» Task item
Set down a faithful copy of every record below, with no images.

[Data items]
----------

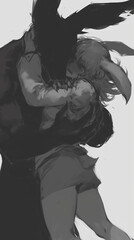 creepy illustration of a bunny woman running to a wolf man for comfort. dramatic fairy tale horror romance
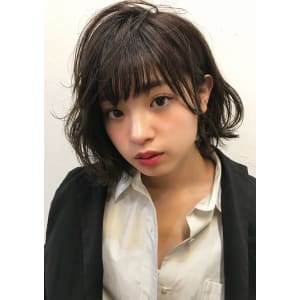 無造作ウェーブ低温デジタルパーマミニボブ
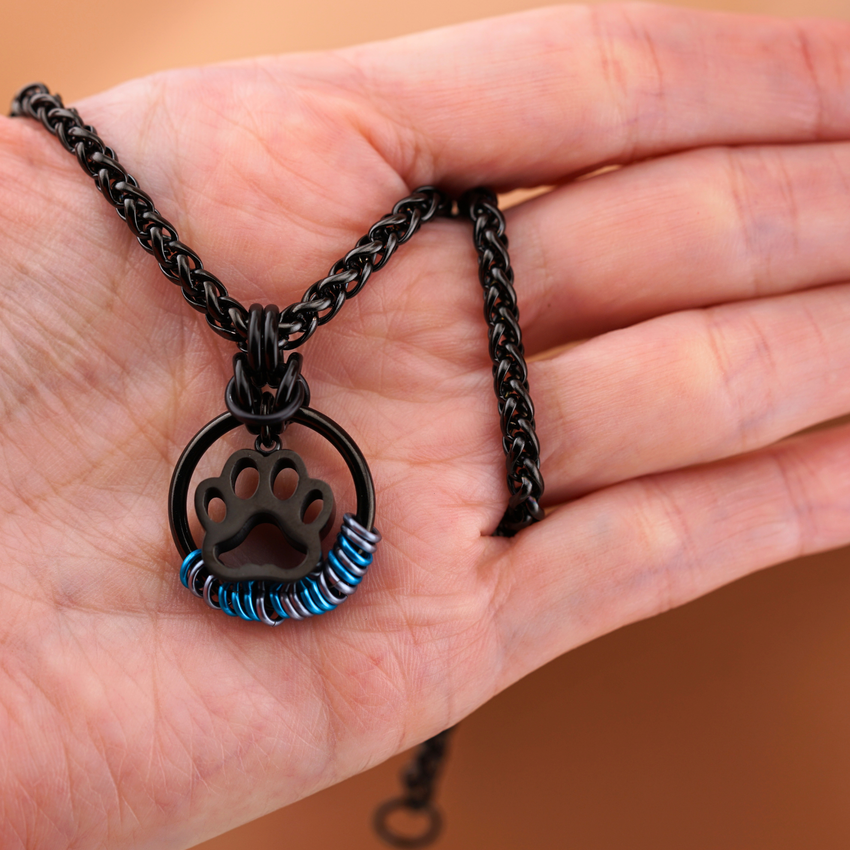 Black Puppy Paw Morse Code Day Collar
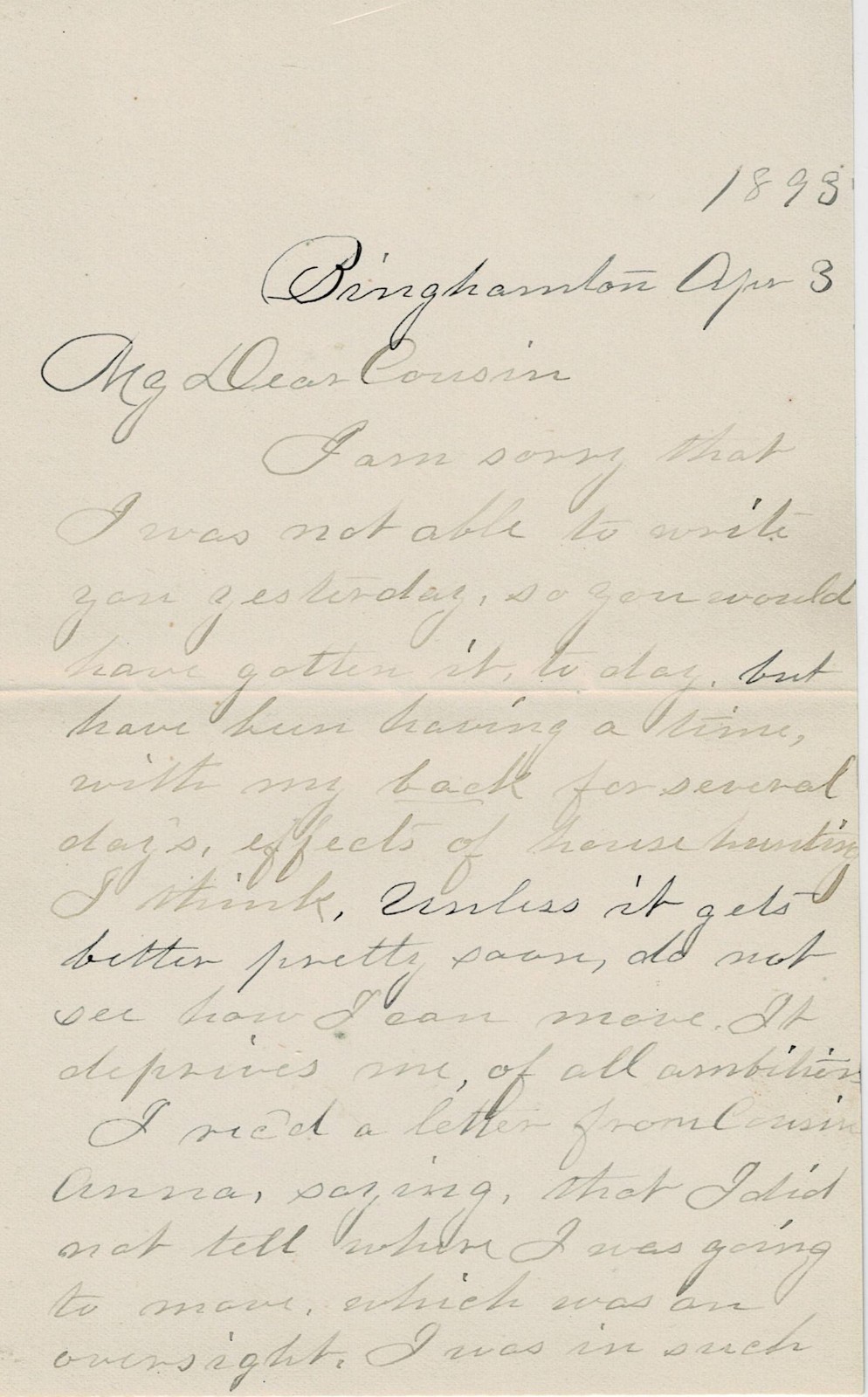 1893 Letter from Binghamton, NY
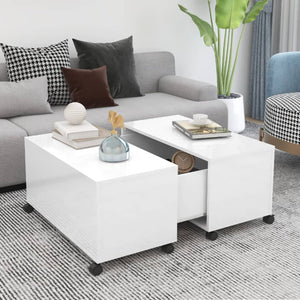 Hochglanz Couchtisch Weiß 75x75 cm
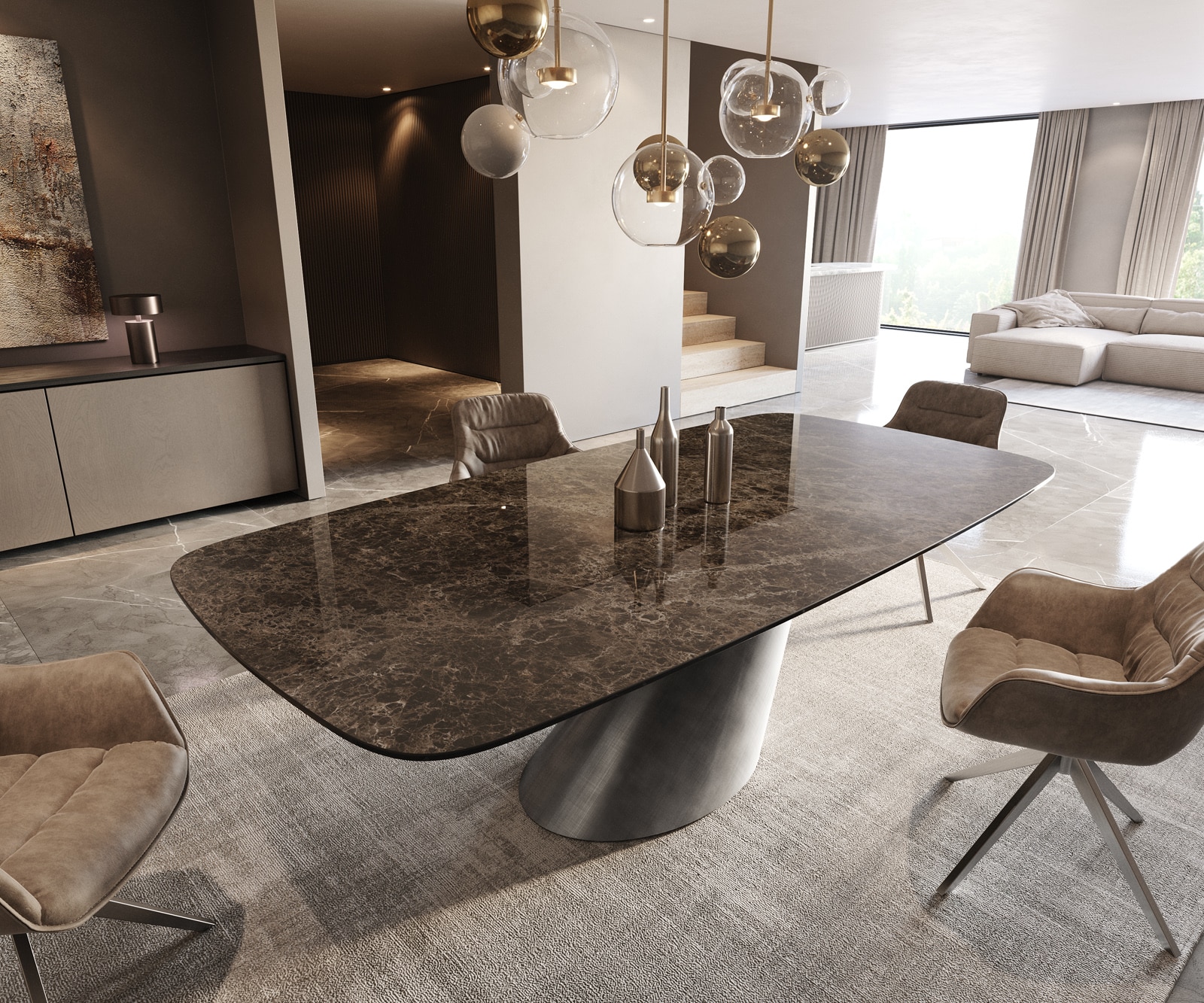 Esstisch Edge Boot 240x120 Keramik Emperador Extra Lucidato Dunkelbraun Cono Metallic Silber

----------

» Problem solution
 creepy illustration of a bunny woman running to a wolf man for comfort. dramatic fairy tale horror romance
 無造作ウェーブ低温デジタルパーマミニボブ
 Black Puppy Paw Morse Code Day Collar
 1893 Letter from Binghamton, NY
 Hochglanz Couchtisch Weiß 75x75 cm
 Esstisch Edge Boot 240x120 Keramik Emperador Extra Lucidato Dunkelbraun Cono Metallic Silber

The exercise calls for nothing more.